_WHAT YOU WILL DO_
Retype, with no pictures, each line from the one that holds "人口决策系统_人渣反派自救系统图片" through the last line of the entries below, both included.

_WORKING DATA_
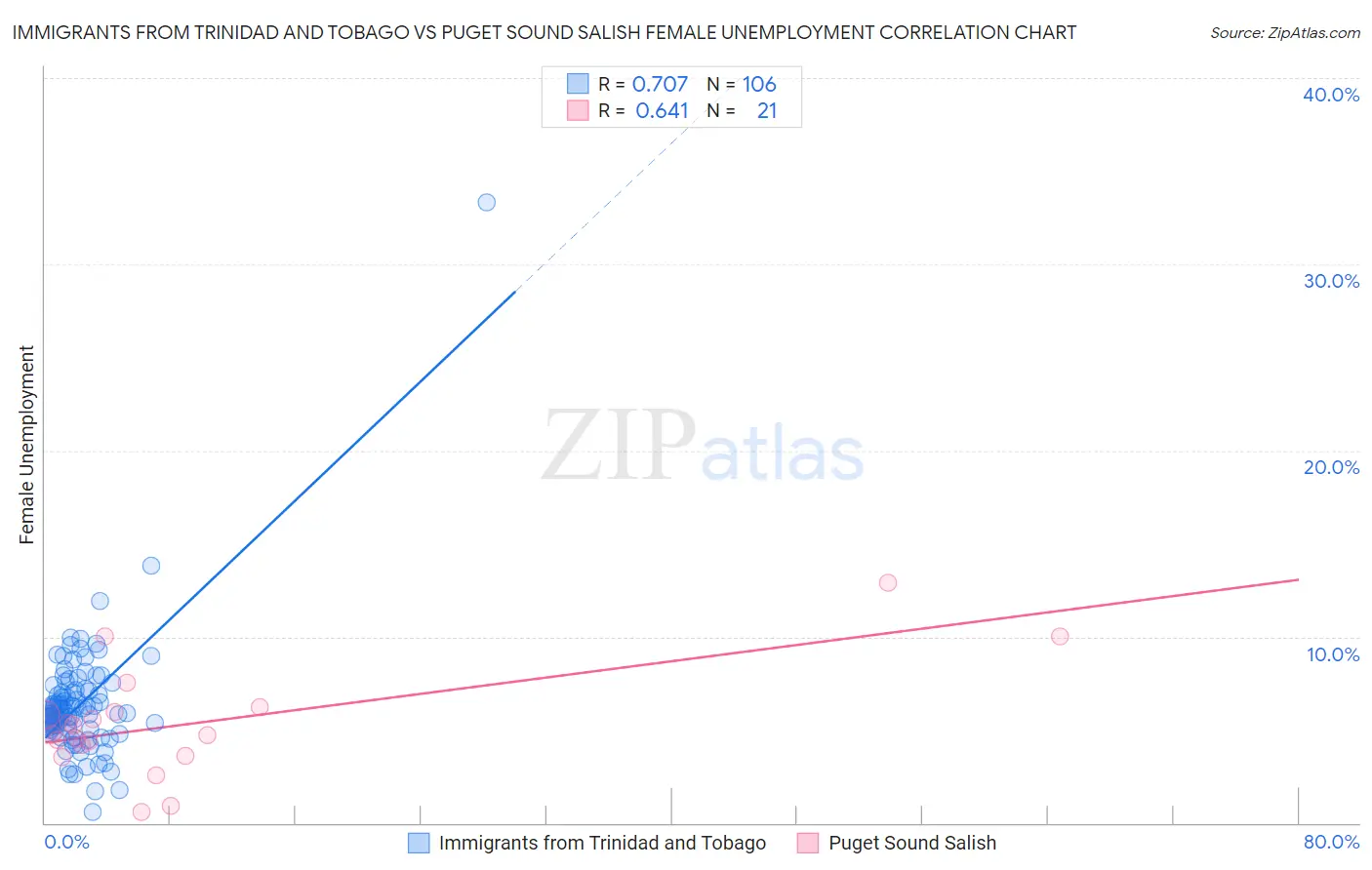 Immigrants from Trinidad and Tobago vs Puget Sound Salish Female Unemployment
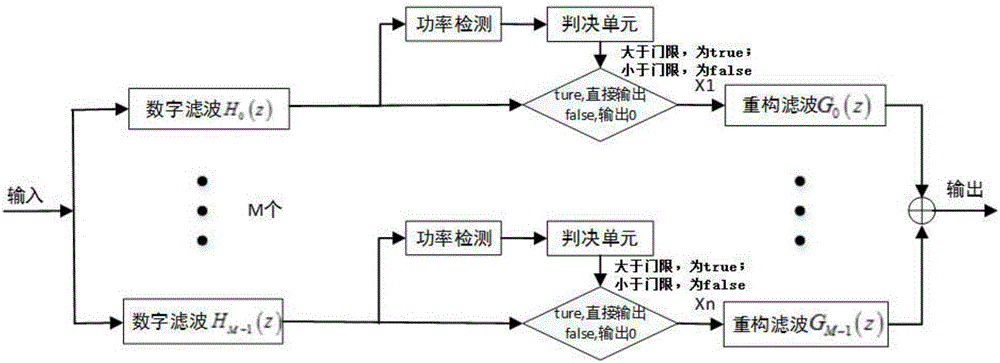 Uplink noise suppression method for LTE distributed relay system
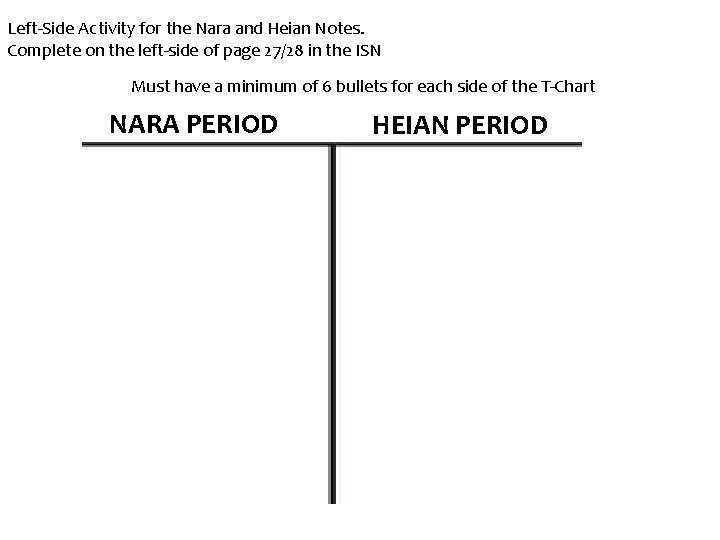 Left-Side Activity for the Nara and Heian Notes. Complete on the left-side of page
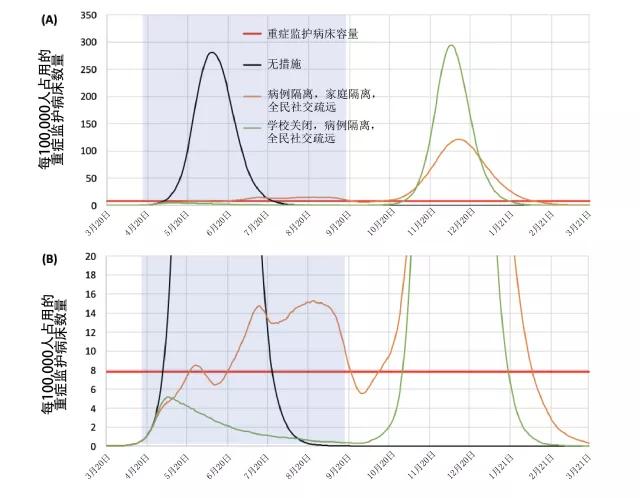 人口决策系统_人渣反派自救系统图片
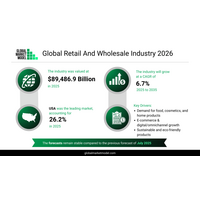 日常支出とデジタル商取引が、89兆ドル規模の小売および卸売経済を支えている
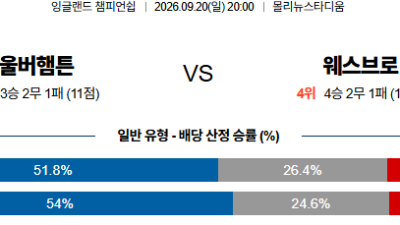 09월20일 울버햄튼:웨스트브로미치 잉글랜드챔피언쉽 분석 및 예측 :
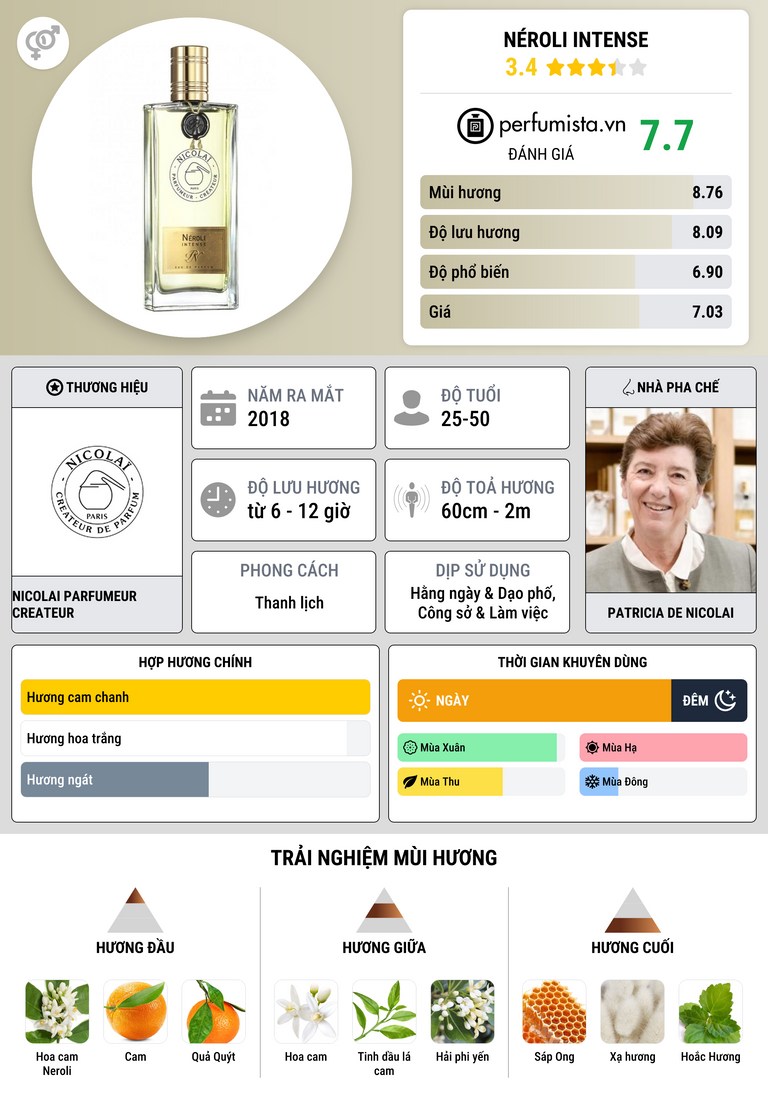 Thông tin chi tiết Néroli Intense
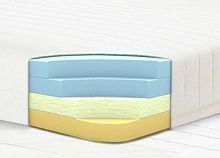 Double mattress PLUSfoammemory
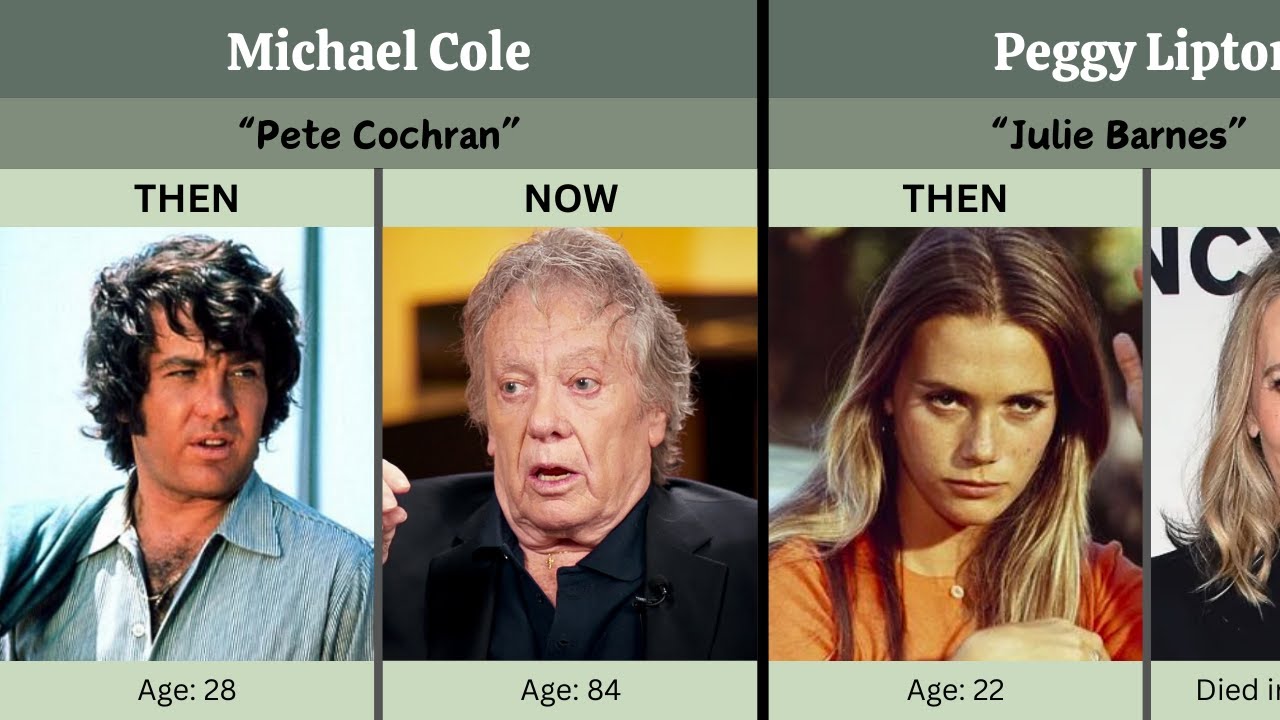 The Mod Squad (1968–1973) Then and Now 2024 ★ How They Changed?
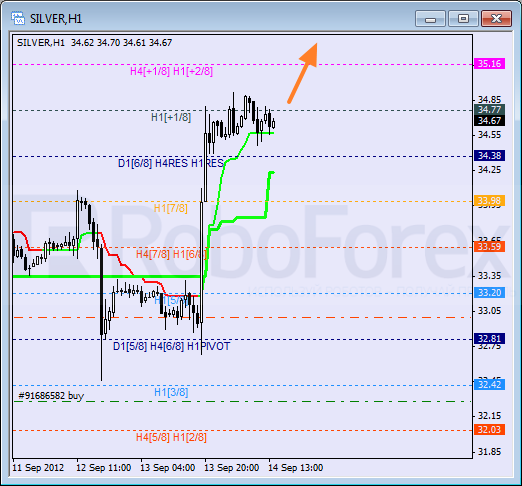Анализ уровней Мюррея для SILVER Серебро на 14 сентября 2012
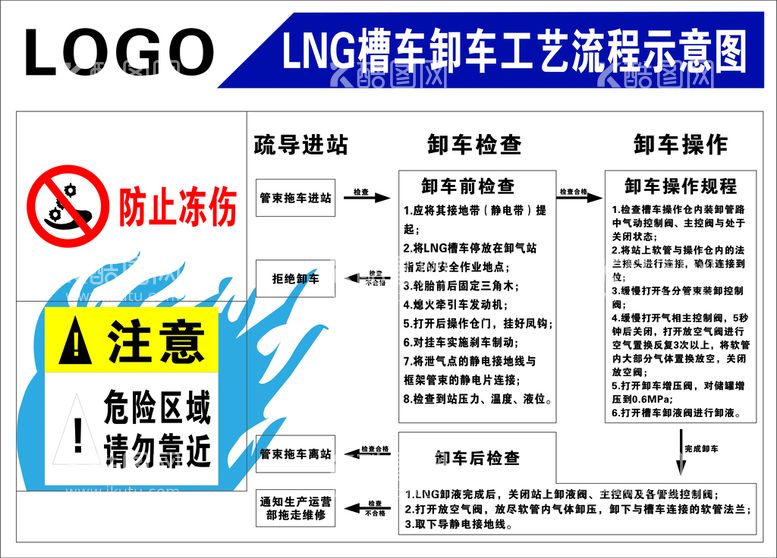 编号：30089011261601049797【酷图网】源文件下载-卸车工艺流程图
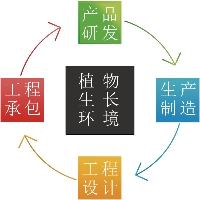 四川亚楠科技有限公司
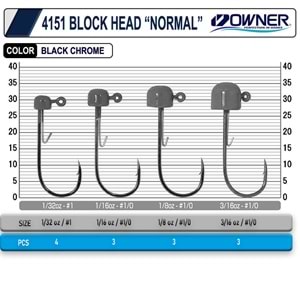 Owner 4151 Block Head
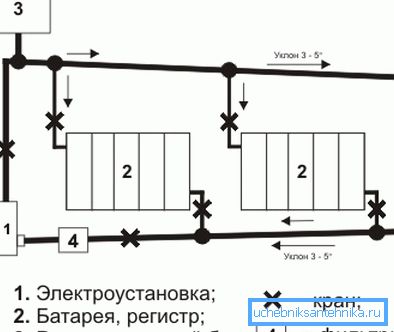 На слици - шема гријања воде са електричним котлом На слици - шема гријања воде са електричним котлом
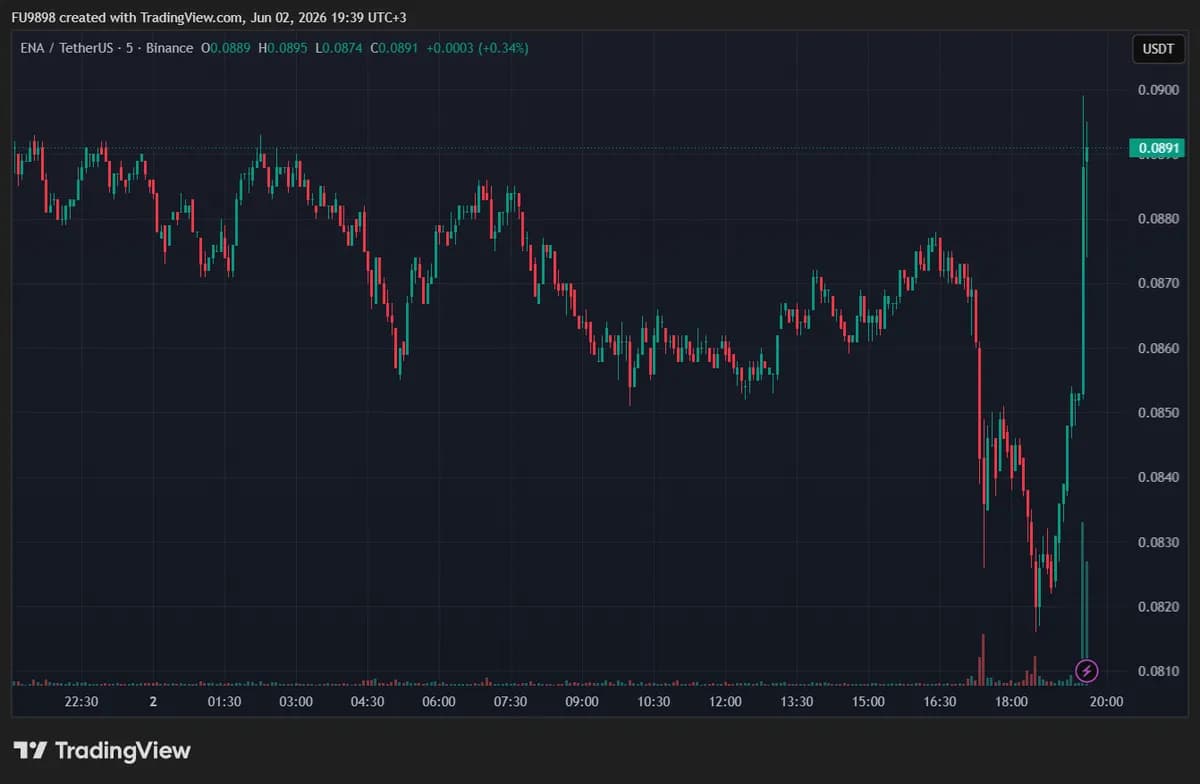 Ethena-Coinbase Ortaklığı, Gürcistan'da Madencilik Operasyonu ve MiCA Eşiğinde Avrupa: Kripto Gündemi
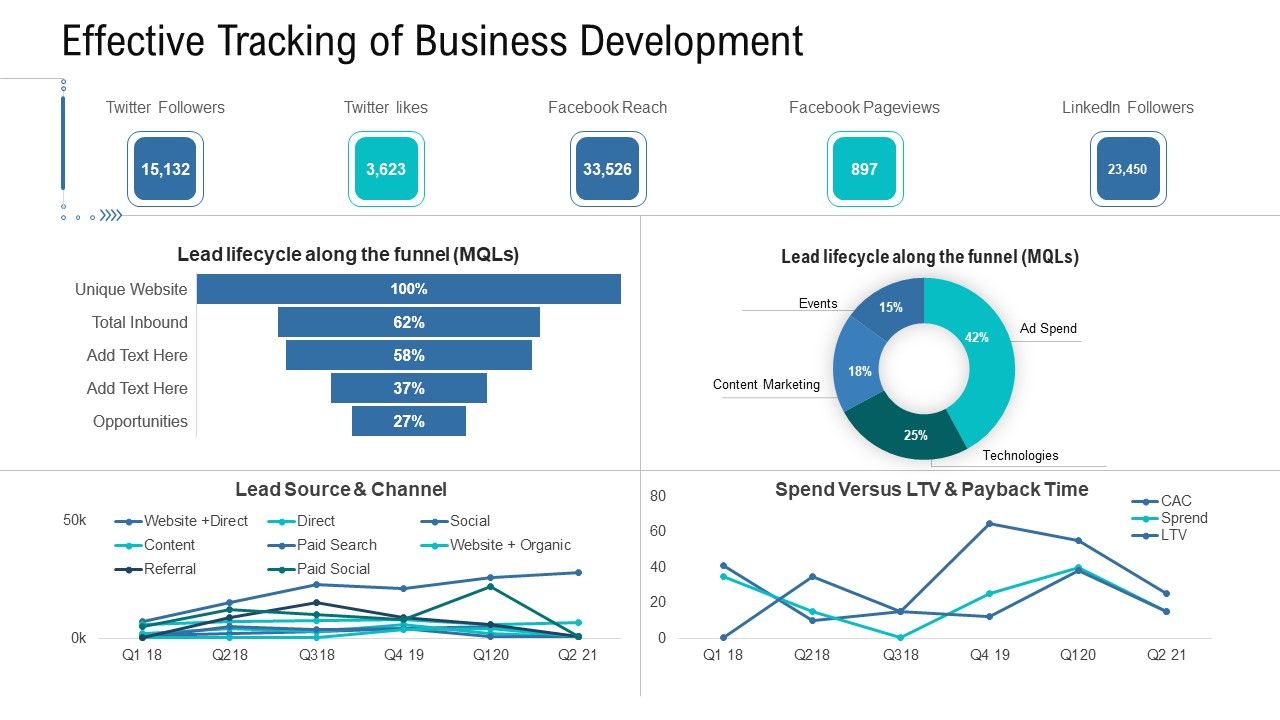 Organizational_Development_And_Promotional_Plan_Effective_Tracking_Of_Business_Development_Mockup_PDF_Slide_1.jpg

_SOLUTION TO THE PROBLEM_
 人口决策系统_人渣反派自救系统图片
 日常支出とデジタル商取引が、89兆ドル規模の小売および卸売経済を支えている
 09월20일 울버햄튼:웨스트브로미치 잉글랜드챔피언쉽 분석 및 예측 :
 Thông tin chi tiết Néroli Intense
 Double mattress PLUSfoammemory
 The Mod Squad (1968–1973) Then and Now 2024 ★ How They Changed?
Анализ уровней Мюррея для SILVER Серебро на 14 сентября 2012
 编号：30089011261601049797【酷图网】源文件下载-卸车工艺流程图
 四川亚楠科技有限公司
 Owner 4151 Block Head
 На слици - шема гријања воде са електричним котлом На слици - шема гријања воде са електричним котлом
 Ethena-Coinbase Ortaklığı, Gürcistan'da Madencilik Operasyonu ve MiCA Eşiğinde Avrupa: Kripto Gündemi
 Organizational_Development_And_Promotional_Plan_Effective_Tracking_Of_Business_Development_Mockup_PDF_Slide_1.jpg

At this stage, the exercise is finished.